“Not Even Close”! 11th Circuit Approves DOJ Filter-Team Protocol for Review of In-House Lawyer’s Emails

If the government’s search of corporate offices and seizure of company records produce anxiety, then the seizure of emails from the in-house lawyer’s office triggers outright panic. That is what apparently happened when the FBI, while investigating potential money laundering activities, seized materials from the office of the company’s in-house counsel.

The company sought an injunction prohibiting the government’s filter team from reviewing putatively privileged documents, but the 11th Circuit ultimately rejected that relief and approved the government’s use of a modified filter-team protocol to flag privileged materials. And this protocol could serve as a model for other courts in the future. In re Sealed Search Warrant (USA v. Korf), 2021 WL 3852229 (CA11 Aug. 30, 2021). You may read the opinion here.

Search Warrant and Filter-Team Protocol

The Northern District of Ohio, conducting a criminal investigation into money laundering, identified the need to search the Miami, Florida corporate offices of several entities that comprise the Optima Family Companies. The FBI, therefore, applied for a search warrant in the Southern District of Florida.

The Magistrate Judge issued the search warrant, available here, which authorized a search for paper records but also the imaging of all computers and electronic storage media that may contain evidence.  Federal law-enforcement officers executed the warrant and, in the process, seized the Optima entities’ internal servers, electronic documents, and emails.

The search warrant included a protocol for the government’s handling of communications that were sent to or from an attorney. The protocol called for a “filter team of government attorneys,” with no previous or future involvement in the criminal investigation, to review the communications and segregate those involving attorneys.  The filter team may then provide communications not involving a lawyer to the investigation team. And if the filter team determines that communications involving a lawyer are not actually privileged, then it must obtain a court order before providing those communications to the investigation team.

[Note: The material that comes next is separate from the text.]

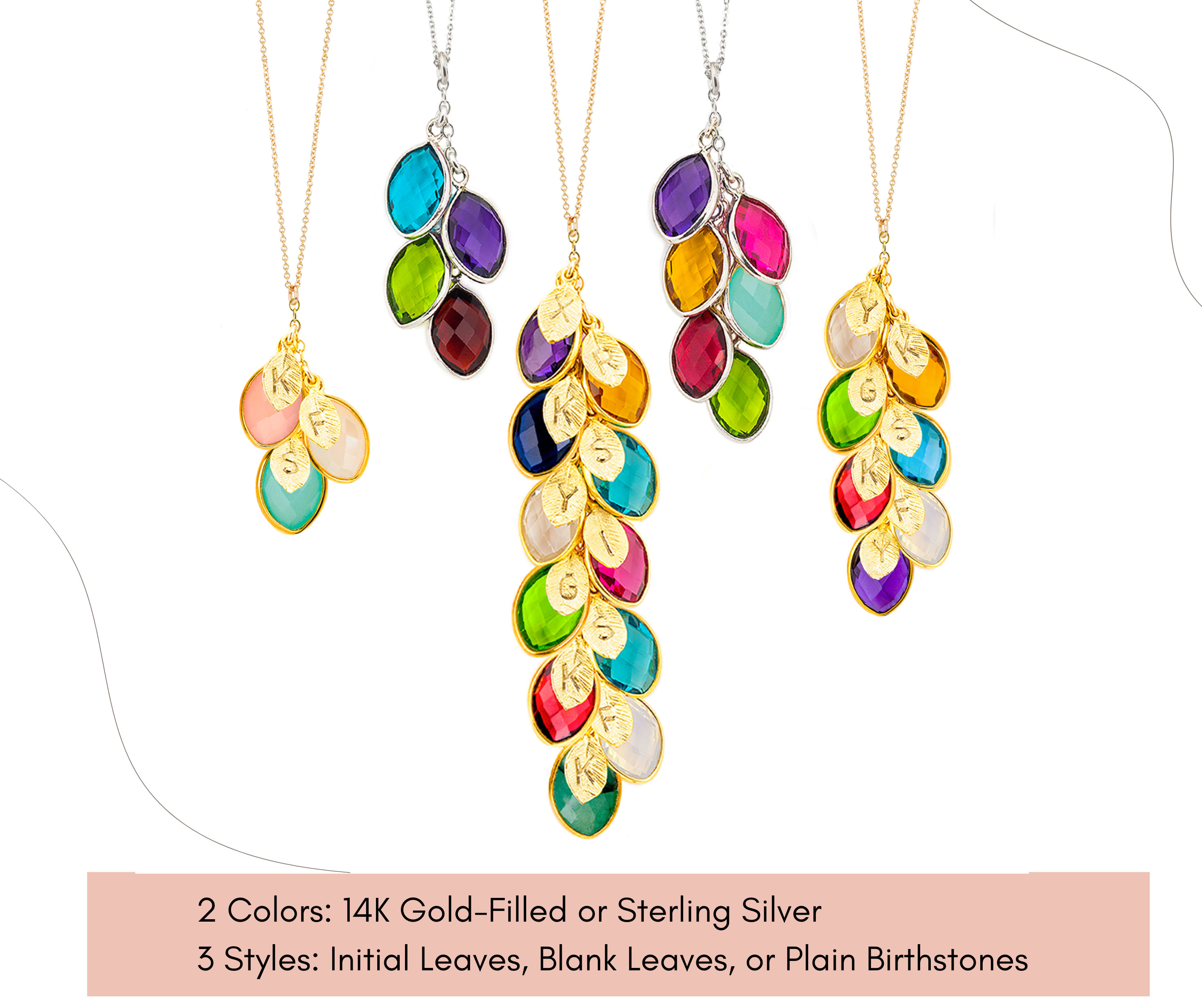 Birthstone Initial Necklace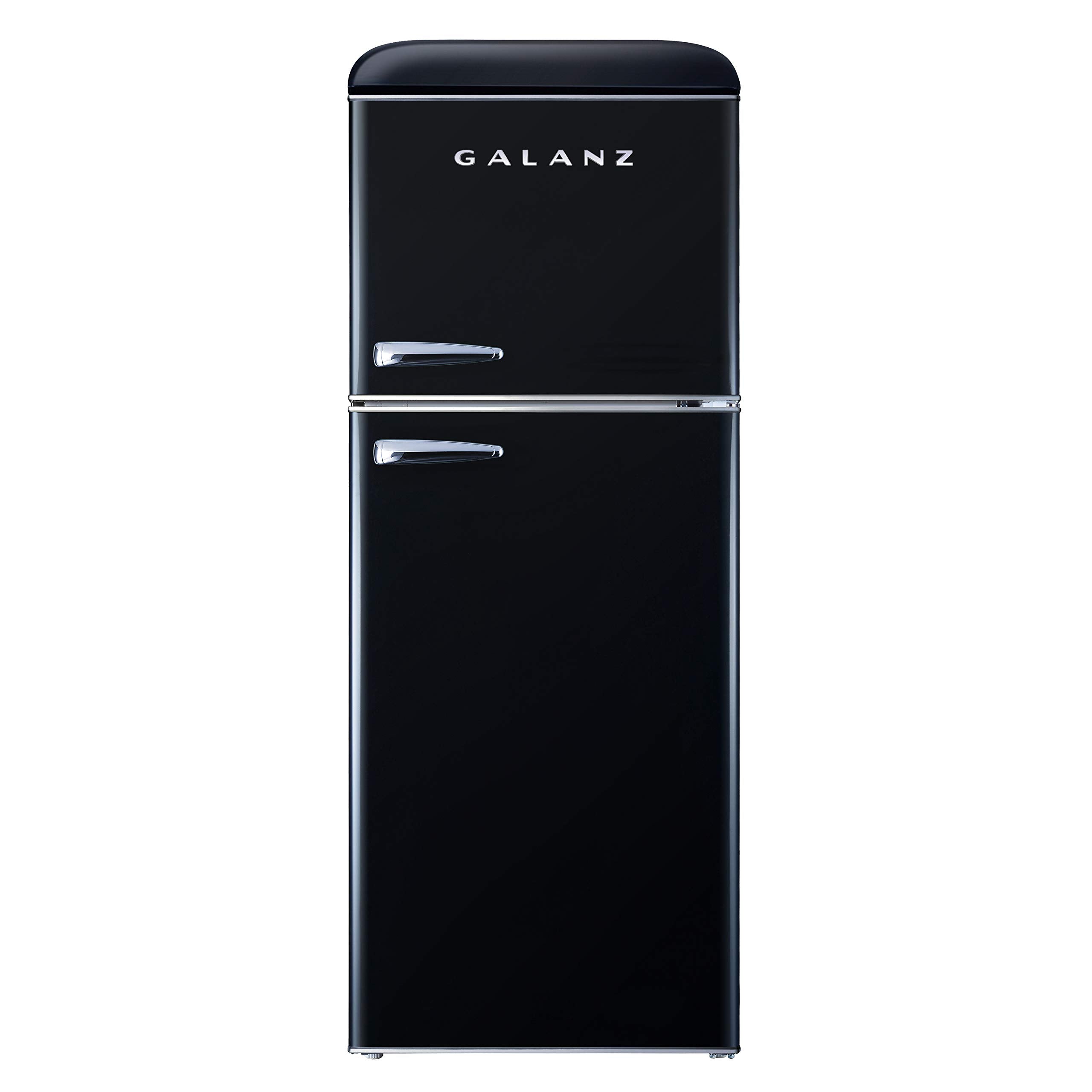 Galanz GLR46TBKER Retro Compact Refrigerator with Freezer Mini Fridge with Dual Door, Adjustable Mechanical Thermostat, 4.6 Cu Ft, Black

Do you see anything in this protocol that would concern the Optima entities?

The Company’s Challenge

The Optima entities were very concerned, primarily because the filter-team protocol limited the putatively protected documents to those that were (1) either to or from an attorney and (2) “actually” protected by the attorney–client privilege. The protocol did not call for the protection of privileged communications that did not involve an attorney (that’s a thing) or documents constituting work product. And the entities had an increased risk of the government seizing privileged materials because of their concurrent involvement in serious civil litigation.

Modified Privilege Protocol

Assessing Optima’s request for injunctive relief, the Magistrate Judge quickly rejected the argument that the use of government filter teams to conduct privilege reviews is per se legally flawed. But the judge expressed concern that the government’s protocols failed to provide sufficient privilege protection.  The court then issued the following modified privilege protocol to provide greater privilege protection.

  • The Optima entities may first review the putatively privileged documents and (a) produce non-privileged documents to the government and (b) produce a privilege log to the filter team.
  • The filter team must be comprised of attorneys and staff outside of the investigating jurisdiction.
  • The filter team may review the documents on the privilege log and challenge any privilege designations.
  • The parties must meet-and-confer to resolve privilege disputes and then the court or a special master will rule on the unresolved privilege challenges.
  • The filter team will only provide the investigative team with documents on which the parties agree or for which the court overrules a privilege objection.

Not bad, right?  The entities, rather than the government, have the first shot at reviewing documents and asserting privilege objections.  You may read the Magistrate Judge’s opinion here.

Not Even Close

The modified privilege protocol did not satisfy the Optima entities so they appealed the decision to the 11th Circuit, arguing again that the use of government filter teams to conduct a privilege review is legally flawed. The court rejected this argument and, assessing the “great weight of authority” from other circuits, noted that its “holding on this front is not even close.”

The court was careful to note that it was not prejudging other filter protocols not before it, but the court clearly approved of the Magistrate Judge’s modified protocol in large part because the court gave the entities subject to the search and seizure the first opportunity to review and designate privileged documents.